Bryan is an experienced butcher with an eye for good meat and uncanny ability to make the process of processing an entire appear swift and simple. Ben has a nose for delightful flavor combination and the many storied practices of preserving meat. Together they make a team that is knowledgable and eager to discuss their craft.
Taking a hands-on class on butchering and processing animals has been a goal of mine since before I began actively eating red meat and pork again recently. This was only the second time I’d been close to a recently butchered, whole food animal. I didn’t know what to expect but I did go into the class with a few goals:
Oh yeah, and take lots of notes. I’ve always been fascinated with where meat comes from but I could never figure out even the simplest food anatomy – does bacon come from the inside or outside of the ribs? Now I have a much better understanding of where these diverse morsels originate – and greater appreciation for the skill it takes to use the full pig, a very giving and flexible animal (to use Ben’s words), to its full potential.

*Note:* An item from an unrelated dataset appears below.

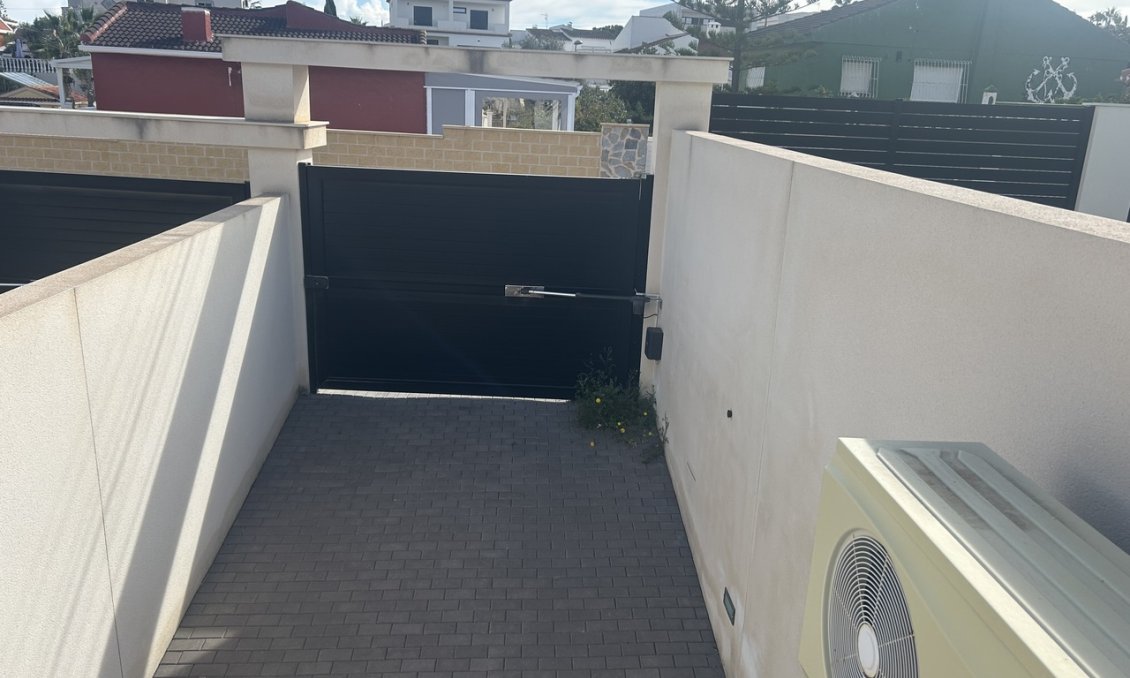 Resale - Villa -
Los Balcones - Costa Blanca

Pigs are really fascinating creatures. The body and muscular structure of the torso alone is very complex and layered and I saw that it takes great skill to understand and master. I learned about the various knife types used to break and bone meats as well as different grips to use to achieve different cuts.
We had lunch in the shop that day, prepared by Salt & Time’s resident chef Alex Jackson. He whipped up a delectable summer picnic of their own Lamb Merguez, grilled to perfection with rich red lentils, purple potato salad with soft-boiled eggs and lots of parsley, and green beans with marinated shiitake mushrooms. This was the perfect unexpected treat after a morning of butchering demos.

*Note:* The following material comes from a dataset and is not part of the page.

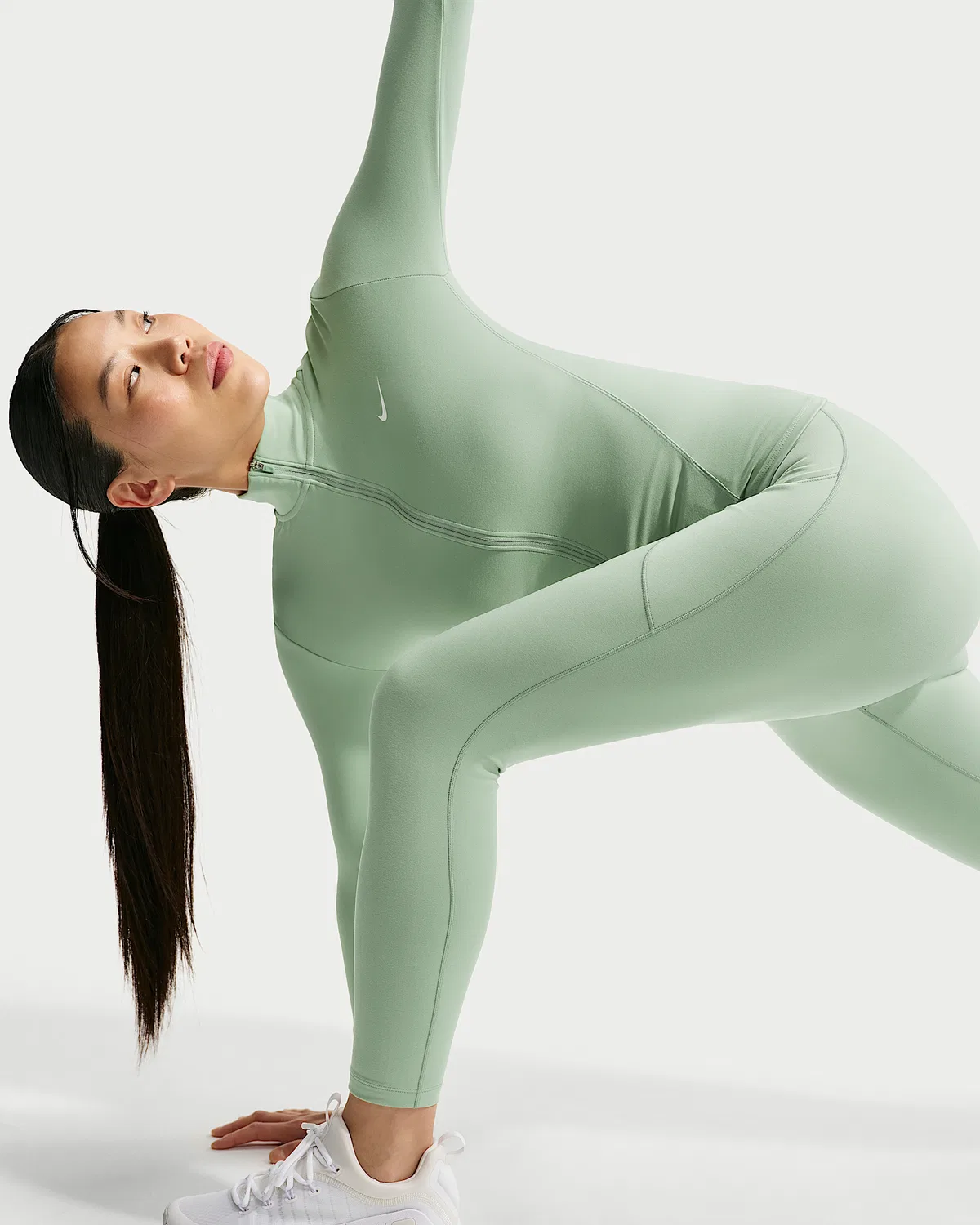 Женские леггинсы Nike One с высокой талией 7/8 и карманами, Steam/White — фото 4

Ben explained that the flavors we love are actually natural byproducts of traditional curing processes – a balance of salt, acidity and fat delights the palate. This basic idea has created the two traditional building blocks of preserving meats:
Salumi: the umbrella under which all cured meats, like pancetta and salami live, Italian in history
As part of the class I got some hands-on experience making my very own Guanciale, or jowel bacon. This involved getting very close with my own pig head and removing its cheeks, lips and jowels with a few simple cuts. For my first time butchering a pig – my first time even touching a dead food animal – this was intense. I was nervous at first and intimidated by the task, but amazingly once I got my hands around it my instincts kicked in and I cut my Guanciale like a boss. I’m really excited to make a traditional Pasta a la Carbonara with my guanciale and I’ll let you know how it turns out!
I took a snap of the heads before we worked on them, but I felt they were a bit to graphic to show without warning, so if you want to see what my pig’s head looked like (jowels on) click here. I know it sounds gross, and it was a little gross, but it was such an incredibly empowering learning experience I’m no longer grossed out by it. I’m guessing if you’ve read this than you’re not too grossed out either, but if you are I’ll challenge you to get over it. This is easily done once you get to know it. Try it.

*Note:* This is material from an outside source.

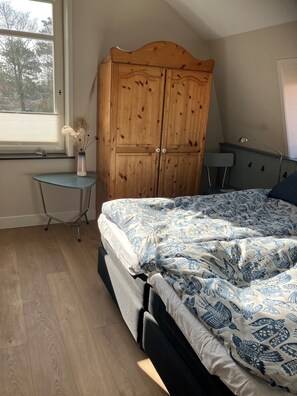 4 bedrooms, iron/ironing board, WiFi, bed sheets - Vacation home for several generations near the sea (Oostkapelle)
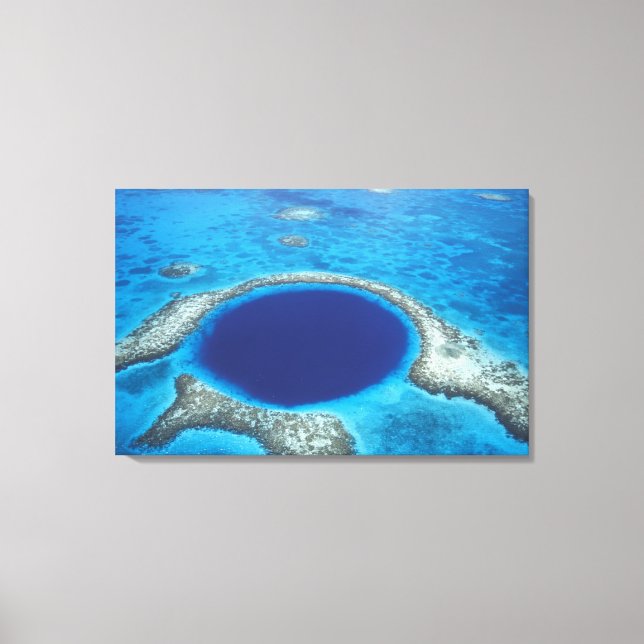 CA, Belize. Luftbild des Blauen Lochs (Durchmesser Leinwanddruck (Vorderseite)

Salt & Time is unique in that they learn from the history of European preservation techniques while bringing native American ingredients and style to the foods they prepare. The sourcing and preparing of whole animals is also central to Salt & Time’s great products: informed by the American style of right-angle saw-cutting but influenced deeply by the European way of butchering to preserve natural tissues, these guys follow natural muscle seams in their cuts, thus creating whole, unmarred pieces to work with. This is a unique and modern approach to butchery that yields delicious and interesting flavors and an entirely new style of processing meat that uses all as much of the animal as possible.
This was an incredible class and I’d recommend it to anyone – foodie or otherwise – that is curious about the meat they eat, where it comes from, how it can be prepared or wants to start curing their own. I learned so much and had a great time, I’d do it all over again too.
And some excellent news for the locals: Salt & Time is opening a full-service butchershop-deli-restaurant-bar on the east side this winter! Yes! Check out the Salt & Time website for more information about the store opening, and to join their very popular Butcher’s Box CSA. In the meantime, you can buy their coffee lomo and other so so good cured meats and artisan foods at the Barton Creek and HOPE farmer’s markets around town.
During class, Bryan had something fantastic to say about his experience as a butcher opening a shop in Austin:
“I get to see the inside of a copa, and the meat is red and the fat is pure white, and it is beautiful. I get to create something beautiful – respecting animals, the craft and yourself, making something better each time. People want transparency, where their meat comes from. Look your dinner in the eye once in a while.”
I am thrilled to have had this opportunity to learn about the butchering and curing process of such good meat from these great folks. And I can’t wait to see what Ben, Bryan, Alex and Salt & Time do in the future, which is why I’m excited to announce that Salt & Time are now a part of our official Collaborators list. Check out the Collaborators section on our About page for more information about Salt & Time and the other great organizations we work with in our community. I can’t wait to make the new Salt & Time shop my next neighborhood haunt, so look for a review coming soon!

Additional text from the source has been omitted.